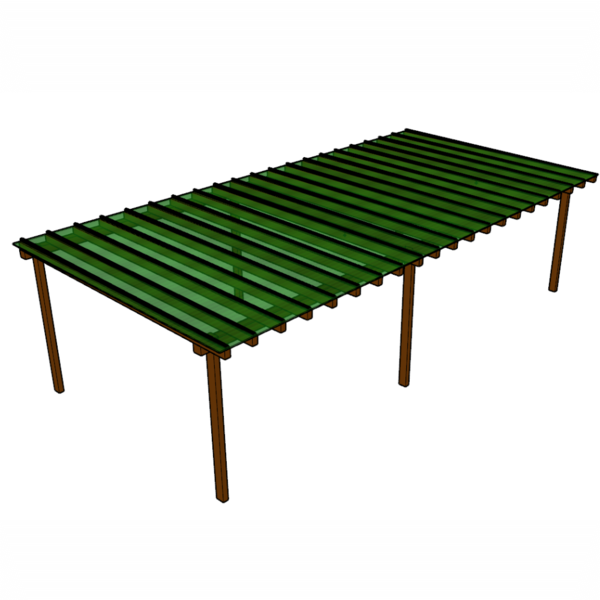 Kit Policarbonato Verde 4mm 10,00m X 6,00m - Perfis Naturais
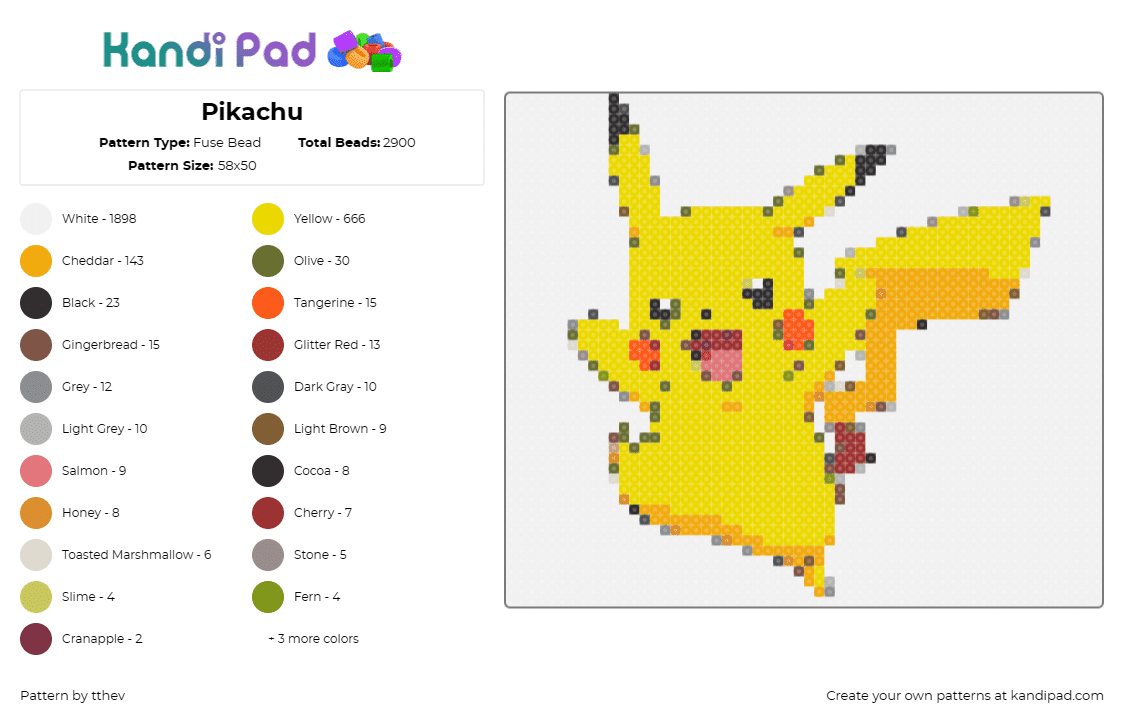 Pikachu - Fuse Bead Pattern by tthev on Kandi Pad - pikachu,pokemon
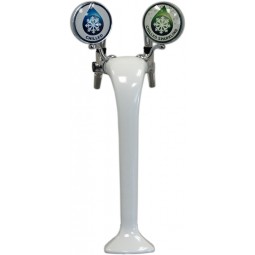 Mongoose white, air cooled, 1 faucet, 304SS Euro Quix Tap, medallion holder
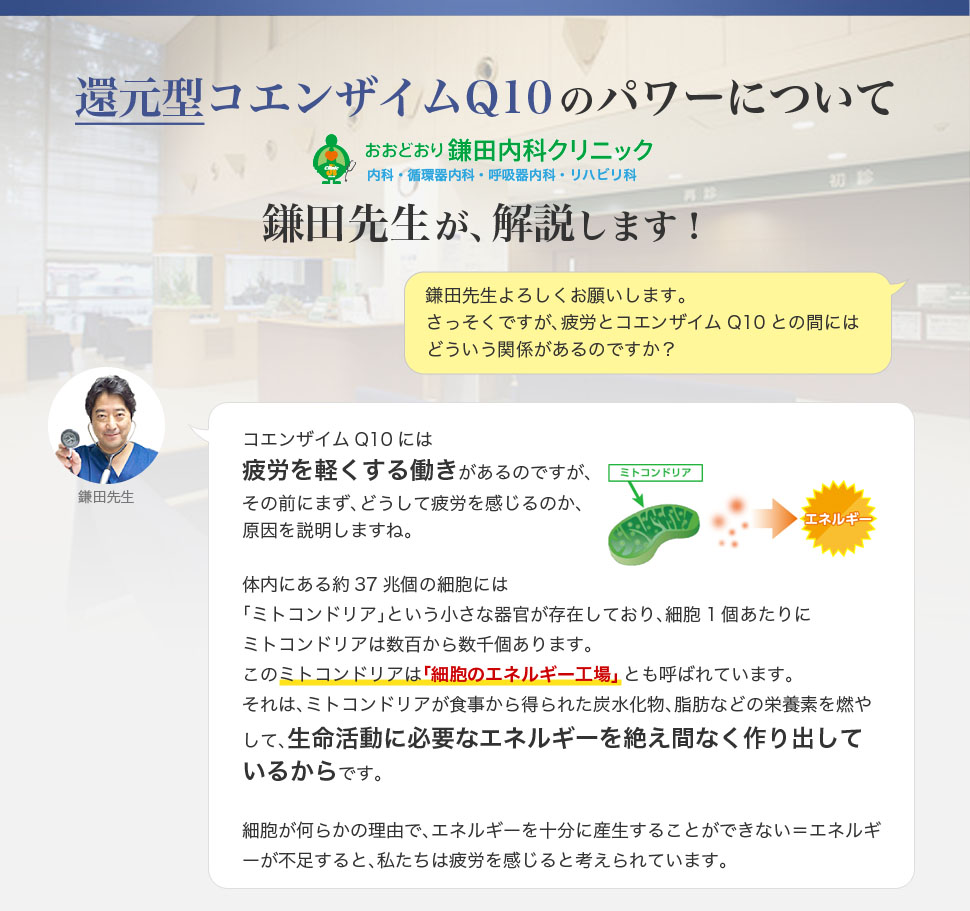 還元型コエンザイムQ10のパワーについて おおどおり鎌田内科クリニック　鎌田先生が、解説します！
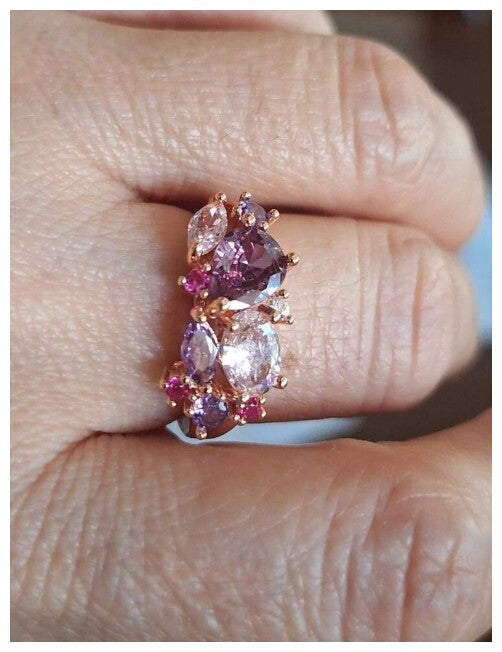 Multicolor pink and purple - Ring - Rose Gold - CZs - Size 8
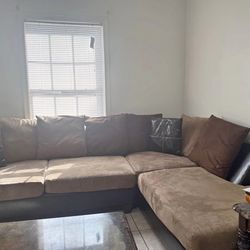 Sectional set (comes apart) w/ tables and a TV stand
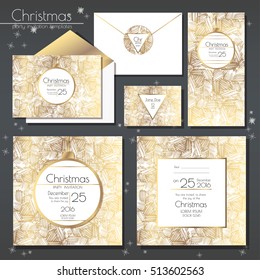 Christmas party invitations set with envelope template. Cards have enough copy spa?e. Vector format.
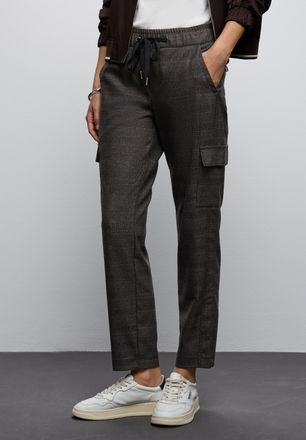 Street One Cargohose STREET ONE Style Bonny, Damen, Gr. 34, L&auml;nge 30, silk braun, Web, Obermaterial: 62% Polyester, 33% Viskose, 5% Elasthan, kariert, loose fit 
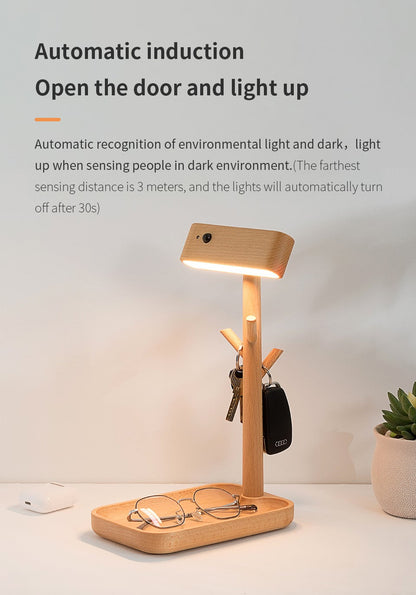 Magnetic Solid Wood Wall Light with Shelf-2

▸ **ABOUT THIS TASK**
Your task is to reproduce exactly the lines from the one with "還元型コエンザイムQ10のパ" to the end of the material, both included, with the pictures left out.

▸ **TASK RESULT**
 還元型コエンザイムQ10のパワーについて おおどおり鎌田内科クリニック　鎌田先生が、解説します！
 Multicolor pink and purple - Ring - Rose Gold - CZs - Size 8
 Sectional set (comes apart) w/ tables and a TV stand
 Christmas party invitations set with envelope template. Cards have enough copy spa?e. Vector format.
 Street One Cargohose STREET ONE Style Bonny, Damen, Gr. 34, L&auml;nge 30, silk braun, Web, Obermaterial: 62% Polyester, 33% Viskose, 5% Elasthan, kariert, loose fit 
 Magnetic Solid Wood Wall Light with Shelf-2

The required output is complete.